Istanbul, Costantinopoli, Bisanzio. Tre nomi per le mille anime che si riflettono nella personalità schizoide. Nomenclature che contraddistinguono questa metropoli, che la animano con il perenne traffico di auto, il viavai dei turisti, le trattative sfiancanti nel Gran Bazar e nei suoi negozi. Dove tutto è trattabile, al di fuori della storia. Camposanto di minareti fantasmi, delle moschee astronavi che si illuminano la sera, dei vicoli labirinto, dei gatti, degli edifici fatiscenti in legno che si consumano inesorabilmente Istanbul è la città della contraddizione. Troppo araba per l’occidente, troppo occidentale per il mondo arabo, troppo diversa nei suoi quartieri per essere se stessa. Opulenza tra rovine di palazzi e case decrepite.

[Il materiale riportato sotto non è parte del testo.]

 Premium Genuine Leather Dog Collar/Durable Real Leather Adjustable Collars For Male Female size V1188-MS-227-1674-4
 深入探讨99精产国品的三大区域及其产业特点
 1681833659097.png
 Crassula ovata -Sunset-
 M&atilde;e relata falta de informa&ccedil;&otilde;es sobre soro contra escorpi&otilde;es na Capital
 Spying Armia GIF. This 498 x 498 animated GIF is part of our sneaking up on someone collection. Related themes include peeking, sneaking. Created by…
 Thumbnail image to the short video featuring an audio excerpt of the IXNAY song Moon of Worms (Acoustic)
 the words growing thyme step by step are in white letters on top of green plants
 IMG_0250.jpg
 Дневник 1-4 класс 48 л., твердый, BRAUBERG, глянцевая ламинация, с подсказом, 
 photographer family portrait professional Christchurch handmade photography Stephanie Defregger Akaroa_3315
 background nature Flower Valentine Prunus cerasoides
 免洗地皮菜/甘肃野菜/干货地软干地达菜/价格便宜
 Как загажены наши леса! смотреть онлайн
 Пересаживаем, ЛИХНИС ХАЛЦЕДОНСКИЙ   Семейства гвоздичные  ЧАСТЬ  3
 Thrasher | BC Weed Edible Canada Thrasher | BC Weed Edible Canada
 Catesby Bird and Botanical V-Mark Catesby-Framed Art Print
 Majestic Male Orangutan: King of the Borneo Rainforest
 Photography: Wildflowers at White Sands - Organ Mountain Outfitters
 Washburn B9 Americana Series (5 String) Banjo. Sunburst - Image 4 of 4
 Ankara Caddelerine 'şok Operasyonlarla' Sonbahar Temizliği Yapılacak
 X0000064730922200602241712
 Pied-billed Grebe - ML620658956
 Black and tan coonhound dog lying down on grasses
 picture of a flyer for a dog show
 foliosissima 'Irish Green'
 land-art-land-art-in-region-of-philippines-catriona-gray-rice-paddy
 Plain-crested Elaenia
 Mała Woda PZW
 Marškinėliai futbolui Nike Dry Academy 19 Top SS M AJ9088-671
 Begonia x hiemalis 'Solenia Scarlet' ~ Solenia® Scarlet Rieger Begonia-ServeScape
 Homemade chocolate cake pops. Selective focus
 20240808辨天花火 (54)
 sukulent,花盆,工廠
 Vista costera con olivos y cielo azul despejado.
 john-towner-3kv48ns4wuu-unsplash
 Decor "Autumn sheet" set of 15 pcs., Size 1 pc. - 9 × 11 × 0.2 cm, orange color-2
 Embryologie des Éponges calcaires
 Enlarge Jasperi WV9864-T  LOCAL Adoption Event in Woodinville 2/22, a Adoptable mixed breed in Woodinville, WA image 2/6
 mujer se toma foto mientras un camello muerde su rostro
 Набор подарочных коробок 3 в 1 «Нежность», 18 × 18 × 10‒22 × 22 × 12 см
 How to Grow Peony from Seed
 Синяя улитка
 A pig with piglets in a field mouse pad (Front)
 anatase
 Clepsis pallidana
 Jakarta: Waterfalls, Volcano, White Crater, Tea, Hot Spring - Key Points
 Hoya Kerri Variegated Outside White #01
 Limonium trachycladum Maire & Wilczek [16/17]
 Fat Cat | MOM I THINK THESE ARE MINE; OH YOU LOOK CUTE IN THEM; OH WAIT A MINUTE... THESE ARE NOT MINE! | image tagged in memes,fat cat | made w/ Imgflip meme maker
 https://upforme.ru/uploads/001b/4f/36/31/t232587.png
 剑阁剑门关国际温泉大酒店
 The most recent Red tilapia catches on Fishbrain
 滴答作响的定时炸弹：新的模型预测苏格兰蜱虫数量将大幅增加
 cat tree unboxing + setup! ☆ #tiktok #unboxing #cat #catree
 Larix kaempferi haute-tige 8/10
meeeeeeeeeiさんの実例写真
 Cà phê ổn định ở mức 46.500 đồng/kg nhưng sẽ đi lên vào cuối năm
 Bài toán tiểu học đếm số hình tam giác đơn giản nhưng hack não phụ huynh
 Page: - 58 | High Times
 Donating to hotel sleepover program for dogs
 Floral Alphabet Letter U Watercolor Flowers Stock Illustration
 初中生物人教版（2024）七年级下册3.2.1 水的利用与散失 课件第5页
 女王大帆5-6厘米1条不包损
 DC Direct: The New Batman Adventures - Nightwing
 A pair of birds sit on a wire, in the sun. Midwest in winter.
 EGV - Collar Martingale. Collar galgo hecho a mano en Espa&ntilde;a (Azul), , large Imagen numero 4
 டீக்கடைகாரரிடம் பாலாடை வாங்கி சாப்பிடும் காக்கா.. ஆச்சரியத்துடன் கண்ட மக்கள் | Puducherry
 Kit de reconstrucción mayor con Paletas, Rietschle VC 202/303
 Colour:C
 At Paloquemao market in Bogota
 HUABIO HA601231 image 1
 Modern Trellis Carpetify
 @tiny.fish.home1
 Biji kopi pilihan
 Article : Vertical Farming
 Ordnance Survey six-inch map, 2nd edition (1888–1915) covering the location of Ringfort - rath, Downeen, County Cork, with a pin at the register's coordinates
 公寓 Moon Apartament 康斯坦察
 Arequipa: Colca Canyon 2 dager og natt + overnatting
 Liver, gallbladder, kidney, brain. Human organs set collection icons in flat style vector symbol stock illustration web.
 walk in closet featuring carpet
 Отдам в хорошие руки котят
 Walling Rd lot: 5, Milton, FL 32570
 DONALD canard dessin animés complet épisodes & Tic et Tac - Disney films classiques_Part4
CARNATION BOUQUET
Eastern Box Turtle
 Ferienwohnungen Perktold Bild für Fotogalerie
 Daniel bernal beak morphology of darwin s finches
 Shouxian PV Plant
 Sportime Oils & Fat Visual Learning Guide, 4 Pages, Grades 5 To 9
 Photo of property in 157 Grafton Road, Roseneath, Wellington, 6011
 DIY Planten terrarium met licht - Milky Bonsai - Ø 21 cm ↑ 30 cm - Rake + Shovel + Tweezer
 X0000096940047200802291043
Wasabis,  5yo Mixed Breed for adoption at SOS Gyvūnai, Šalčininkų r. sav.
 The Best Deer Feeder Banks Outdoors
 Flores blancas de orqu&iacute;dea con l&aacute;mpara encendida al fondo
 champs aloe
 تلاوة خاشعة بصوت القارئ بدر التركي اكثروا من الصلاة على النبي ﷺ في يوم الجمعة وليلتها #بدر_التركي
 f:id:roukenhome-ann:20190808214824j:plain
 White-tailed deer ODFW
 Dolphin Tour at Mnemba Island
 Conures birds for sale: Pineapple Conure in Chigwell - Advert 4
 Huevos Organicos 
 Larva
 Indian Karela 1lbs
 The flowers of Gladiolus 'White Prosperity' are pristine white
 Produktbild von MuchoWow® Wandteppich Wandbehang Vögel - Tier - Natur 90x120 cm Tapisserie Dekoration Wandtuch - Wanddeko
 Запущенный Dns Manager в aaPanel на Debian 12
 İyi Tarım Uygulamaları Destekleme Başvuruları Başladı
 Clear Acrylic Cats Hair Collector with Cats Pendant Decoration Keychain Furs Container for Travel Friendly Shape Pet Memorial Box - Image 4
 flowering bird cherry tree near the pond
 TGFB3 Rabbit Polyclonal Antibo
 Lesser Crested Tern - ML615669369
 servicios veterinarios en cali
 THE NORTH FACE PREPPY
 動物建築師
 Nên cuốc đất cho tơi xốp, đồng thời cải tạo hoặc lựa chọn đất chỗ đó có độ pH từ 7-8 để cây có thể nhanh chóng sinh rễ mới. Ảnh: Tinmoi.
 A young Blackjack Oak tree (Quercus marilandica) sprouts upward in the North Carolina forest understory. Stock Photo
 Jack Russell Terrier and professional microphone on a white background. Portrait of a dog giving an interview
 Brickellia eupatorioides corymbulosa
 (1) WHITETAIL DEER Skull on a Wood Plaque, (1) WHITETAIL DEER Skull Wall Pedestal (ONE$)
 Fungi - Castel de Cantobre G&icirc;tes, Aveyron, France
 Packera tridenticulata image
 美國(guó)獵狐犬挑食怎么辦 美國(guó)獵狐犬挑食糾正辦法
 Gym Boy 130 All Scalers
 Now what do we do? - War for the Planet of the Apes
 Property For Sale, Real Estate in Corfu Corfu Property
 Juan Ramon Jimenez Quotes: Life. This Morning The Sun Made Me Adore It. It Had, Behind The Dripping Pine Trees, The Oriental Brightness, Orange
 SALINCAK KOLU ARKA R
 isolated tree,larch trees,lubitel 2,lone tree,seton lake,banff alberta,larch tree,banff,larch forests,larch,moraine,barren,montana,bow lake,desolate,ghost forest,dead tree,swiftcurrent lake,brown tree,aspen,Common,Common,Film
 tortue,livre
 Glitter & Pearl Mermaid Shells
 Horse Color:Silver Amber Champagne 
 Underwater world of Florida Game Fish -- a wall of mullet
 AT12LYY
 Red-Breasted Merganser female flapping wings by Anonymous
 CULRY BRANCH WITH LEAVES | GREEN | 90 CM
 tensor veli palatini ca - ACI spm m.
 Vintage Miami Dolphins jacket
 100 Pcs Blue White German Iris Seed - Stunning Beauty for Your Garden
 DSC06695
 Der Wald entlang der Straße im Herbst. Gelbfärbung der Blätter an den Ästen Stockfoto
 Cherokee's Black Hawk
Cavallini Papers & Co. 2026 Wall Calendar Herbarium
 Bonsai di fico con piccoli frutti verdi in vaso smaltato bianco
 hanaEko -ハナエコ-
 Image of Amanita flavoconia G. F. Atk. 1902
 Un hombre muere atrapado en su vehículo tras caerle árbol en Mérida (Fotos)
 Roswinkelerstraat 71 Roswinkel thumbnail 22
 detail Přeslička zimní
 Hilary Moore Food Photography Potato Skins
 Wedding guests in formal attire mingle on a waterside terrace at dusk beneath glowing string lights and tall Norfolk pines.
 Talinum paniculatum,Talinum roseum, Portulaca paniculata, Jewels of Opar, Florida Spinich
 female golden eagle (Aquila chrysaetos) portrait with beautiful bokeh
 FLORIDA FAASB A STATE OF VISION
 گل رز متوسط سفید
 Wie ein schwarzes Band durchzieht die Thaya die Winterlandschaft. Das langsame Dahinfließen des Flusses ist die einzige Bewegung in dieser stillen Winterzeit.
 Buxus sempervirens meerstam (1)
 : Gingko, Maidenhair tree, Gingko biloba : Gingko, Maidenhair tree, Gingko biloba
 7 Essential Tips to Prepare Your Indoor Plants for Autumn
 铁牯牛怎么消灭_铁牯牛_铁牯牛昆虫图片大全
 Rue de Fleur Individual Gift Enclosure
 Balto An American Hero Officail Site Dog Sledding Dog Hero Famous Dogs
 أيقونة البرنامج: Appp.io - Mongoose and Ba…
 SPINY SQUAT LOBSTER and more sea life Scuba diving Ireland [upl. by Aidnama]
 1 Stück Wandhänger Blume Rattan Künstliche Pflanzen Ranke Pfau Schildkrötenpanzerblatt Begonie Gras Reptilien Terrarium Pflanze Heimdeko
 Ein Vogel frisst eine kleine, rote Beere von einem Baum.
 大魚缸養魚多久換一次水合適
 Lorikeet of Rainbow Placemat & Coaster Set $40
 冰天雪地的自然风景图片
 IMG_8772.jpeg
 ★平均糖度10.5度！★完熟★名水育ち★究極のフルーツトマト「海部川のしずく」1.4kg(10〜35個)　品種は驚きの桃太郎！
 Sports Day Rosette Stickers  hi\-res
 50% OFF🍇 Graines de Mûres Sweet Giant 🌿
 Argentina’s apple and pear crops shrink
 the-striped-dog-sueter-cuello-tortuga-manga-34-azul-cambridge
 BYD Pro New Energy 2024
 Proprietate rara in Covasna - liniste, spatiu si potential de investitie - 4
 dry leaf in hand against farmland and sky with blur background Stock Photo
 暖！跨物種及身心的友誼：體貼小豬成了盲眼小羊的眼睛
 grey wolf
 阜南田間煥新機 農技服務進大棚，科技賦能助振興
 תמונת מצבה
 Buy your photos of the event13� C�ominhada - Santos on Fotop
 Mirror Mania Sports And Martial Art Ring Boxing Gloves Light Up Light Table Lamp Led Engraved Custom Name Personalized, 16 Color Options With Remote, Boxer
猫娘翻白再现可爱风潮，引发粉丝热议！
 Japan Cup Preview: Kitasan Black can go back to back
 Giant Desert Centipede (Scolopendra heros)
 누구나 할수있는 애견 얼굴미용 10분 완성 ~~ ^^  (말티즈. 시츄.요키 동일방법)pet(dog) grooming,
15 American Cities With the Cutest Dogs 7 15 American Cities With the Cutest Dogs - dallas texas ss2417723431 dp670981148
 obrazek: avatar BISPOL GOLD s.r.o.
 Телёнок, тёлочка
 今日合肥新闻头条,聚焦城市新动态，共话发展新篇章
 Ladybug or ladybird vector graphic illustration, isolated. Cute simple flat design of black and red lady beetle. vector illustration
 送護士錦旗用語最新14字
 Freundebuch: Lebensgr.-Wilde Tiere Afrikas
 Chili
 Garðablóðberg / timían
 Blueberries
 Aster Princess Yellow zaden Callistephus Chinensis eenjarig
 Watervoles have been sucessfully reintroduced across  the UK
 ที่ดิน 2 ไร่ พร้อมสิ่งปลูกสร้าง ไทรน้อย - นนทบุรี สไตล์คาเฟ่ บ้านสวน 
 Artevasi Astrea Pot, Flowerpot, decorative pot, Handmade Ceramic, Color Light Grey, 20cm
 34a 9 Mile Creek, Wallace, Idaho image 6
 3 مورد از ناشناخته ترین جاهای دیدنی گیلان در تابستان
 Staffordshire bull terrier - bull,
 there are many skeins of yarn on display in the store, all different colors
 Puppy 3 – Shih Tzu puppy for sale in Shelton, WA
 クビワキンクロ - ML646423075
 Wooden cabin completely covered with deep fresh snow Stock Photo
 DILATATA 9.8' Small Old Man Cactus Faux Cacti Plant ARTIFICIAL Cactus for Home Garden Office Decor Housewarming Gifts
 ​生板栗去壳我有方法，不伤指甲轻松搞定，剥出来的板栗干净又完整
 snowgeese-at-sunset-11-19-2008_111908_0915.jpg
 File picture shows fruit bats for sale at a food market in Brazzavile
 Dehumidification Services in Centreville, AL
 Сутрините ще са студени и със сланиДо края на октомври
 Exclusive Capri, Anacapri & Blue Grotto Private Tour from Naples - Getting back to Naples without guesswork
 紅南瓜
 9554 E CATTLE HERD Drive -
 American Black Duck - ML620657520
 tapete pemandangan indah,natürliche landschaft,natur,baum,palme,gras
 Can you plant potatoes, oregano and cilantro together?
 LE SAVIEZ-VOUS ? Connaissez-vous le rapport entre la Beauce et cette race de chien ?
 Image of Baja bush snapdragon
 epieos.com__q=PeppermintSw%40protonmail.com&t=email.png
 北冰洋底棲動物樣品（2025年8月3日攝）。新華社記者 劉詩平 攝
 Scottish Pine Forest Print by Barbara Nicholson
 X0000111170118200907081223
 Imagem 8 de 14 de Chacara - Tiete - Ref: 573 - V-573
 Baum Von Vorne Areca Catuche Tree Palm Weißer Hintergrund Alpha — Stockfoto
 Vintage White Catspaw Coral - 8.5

Il lascito della decadenza di una tradizione corrosa dalla modernizzazione tradotta nel kitsch turistico e replicato in un’infinità di feticci: le spezie, il narghilè, il kebab. Costretta a giacere recumbante sul Bosforo, divisa tra la sua parte asiatica e quella occidentale, dove si consuma il sottile gioco del PIL. Ogni traghetto è una cerniera che si apre e si richiude, una cicatrice che si apre e difficilmente si rimargina. A suo modo è una città che sanguina. È un fascino decadente il suo, anche se per molti turisti Istanbul è la blu Sulthanamet. Ma sarebbe come parlare del cielo di Istanbul dall’interno dei corridoi del bazar, formicaio orfico di sogni e meraviglie che si apre in mille caverne di Alì Babà. Il tempo sembra non scorrere mai, ci si perde all’infinito ruotando come dervisci sul quadrante di uno di quegli orologio pacchiani che ti vendono a poco prezzo per strada. È una città che non vuole dimenticare e che chiede di non essere dimenticata, a volte con la gentilezza dei gesti inattesi di chi ti accompagna per centinaia di metri, a volte con l’irruenza rugbista dei suoi ristoratori.

Paradossalmente è una città che dimentica i suoi figli, vedi Pamuk. Non occorrono facili giudizi per compiangere la sua crisi di identità. Occorre pazienza, la bellezza di un tè, dei racconti di questi rapporti infranti e fragili nascosti dietro la sua chiara bellezza monumentale. A modi Matrix: pillola blu – quello degli occhi della fortuna, che è bendata e al turista è bene far vedere solo alcune cose – ti svegli domani e non ti ricorderai nulla. Pillola rossa – la bandiera e la fierezza dei suoi abitanti – scopri quanto è profonda la tana del Bianconiglio, quindi il fascino discreto del sobborgo, dei villaggi appollaiati lungo le rive del Bosforo da Ortakoy a Eyup.  Occorre osservarla dal di fuori, forse non è abbastanza nemmeno voltarsi da Üsküdar, ma occorre davvero arrivare ad Anadolu Kavagi ed osservarla dal promontorio delle rovine delle fortezza sul Bosforo. È una città che sa ammaliare, ingannare, raggirare e darsi disinteressatamente. Girovagare: a volte si ruota e si è vicini a Dio come per il sufismo. A volte si ruota solo come carne su un chawarma.